• **What is being asked**:
Word for word, copy all the data and drop the pictures.

[Opening Data section]

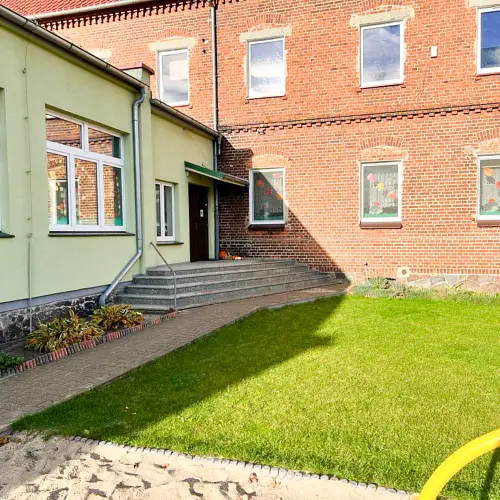Budowa podjazdu dla niepełnosprawnych ZSP w Słupi Kapitulnej | fot. 1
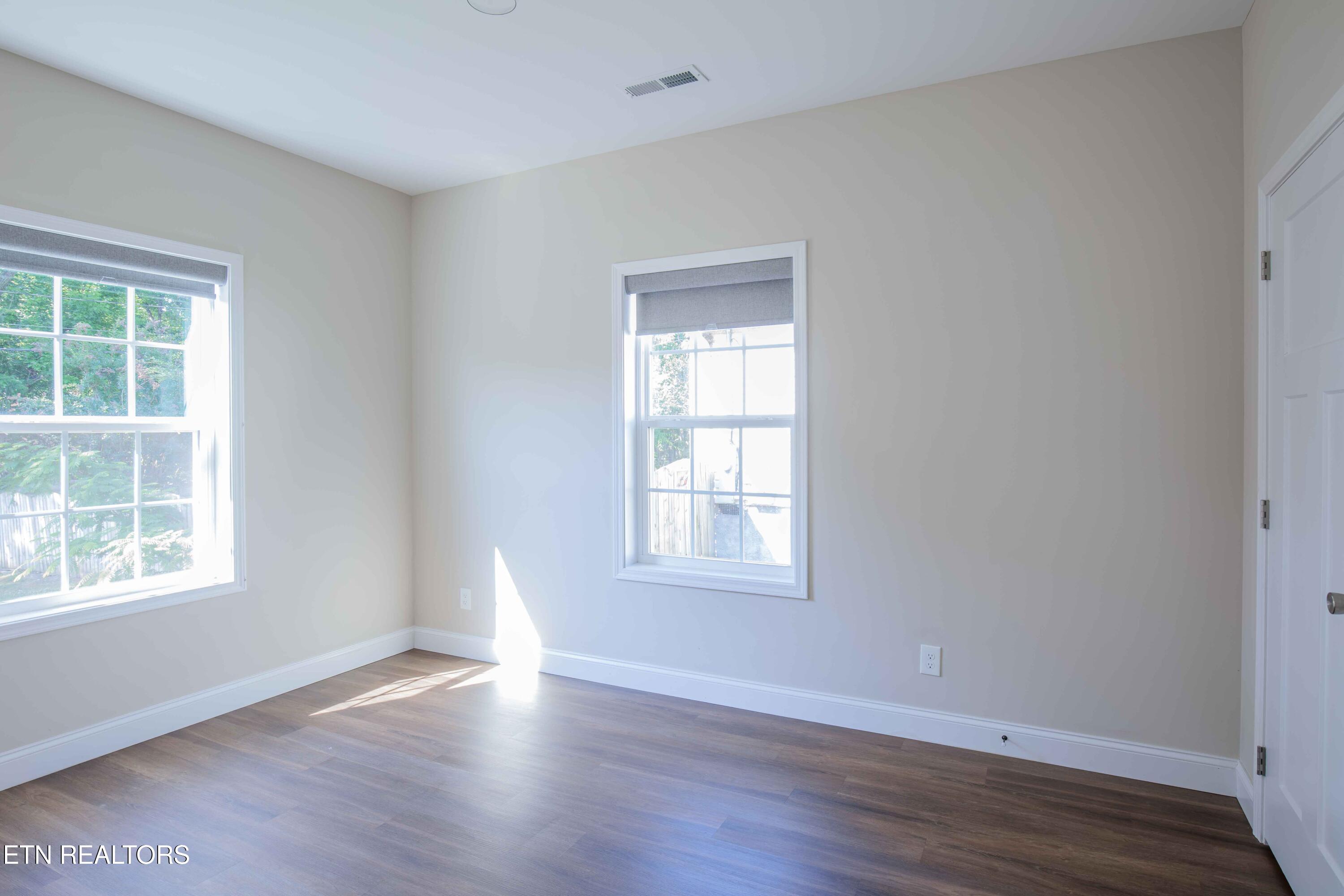 438 Hiawassee Avenue Knoxville TN 37917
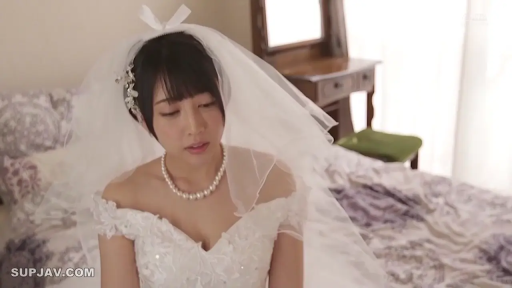 白色露肩婚纱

[Closing Data section]

• **Solved exercise**:
Budowa podjazdu dla niepełnosprawnych ZSP w Słupi Kapitulnej | fot. 1
 438 Hiawassee Avenue Knoxville TN 37917
 白色露肩婚纱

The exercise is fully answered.